I have spent many hours writing validation code for forms, code that read or updated databases, or code that looped through collections. Sure I got creative from time to time with how I wrote my code, but coding for Kinect lets me unleash my creativity in a whole new way!
I had the pleasure of hearing Bill Buxton speak a few months ago. Bill Buxton is the guru of User Experience. User Experience goes beyond just User Interface Design. He challenges us to not just think about making screens that are pretty and easy to use, but to think about the overall user experience. He described some of the ways user experience has evolved:
When you go to the washroom you wave your hand to get a paper towel. That was Kinect 1.0
When you leave the grocery store, the door opens automatically as you push your cart through the doorway. That was Kinect 2.0
So why are doors and paper towel dispensers smarter than our laptops?

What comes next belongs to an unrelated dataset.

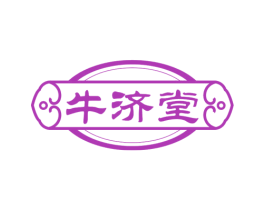 牛济堂 商标图样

It’s an interesting challenge to us as developers to find new ways to interact with our users. The Kinect opens up so many possibilities. Nissan has created a virtual experience using Kinect which shows how you could use Kinect to create a virtual showroom. Then there’s the Kinect virtual fitting room. Kinect provides us with a whole new set of choices when it comes to user experience and lets be honest, it is also just plain fun! Check out the Nerf Gun and Kinect skeletal tracking to protect your office (you can get the code here) or maybe you’d enjoy using Kinect to control Robosapien. Robosapien is a remote control robot that was a big hit with my kids for a few years, without Kinect you controlled it by pressing commands on the remote, using hand gestures and voice commands through Kinect instead of a remote is pretty cool.
So get your geek on with Kinect for Windows. You’ll need the SDK which you can download here and you can keep up to date on the latest news and updates for Kinect for windows keep an eye on their blog. Happy coding!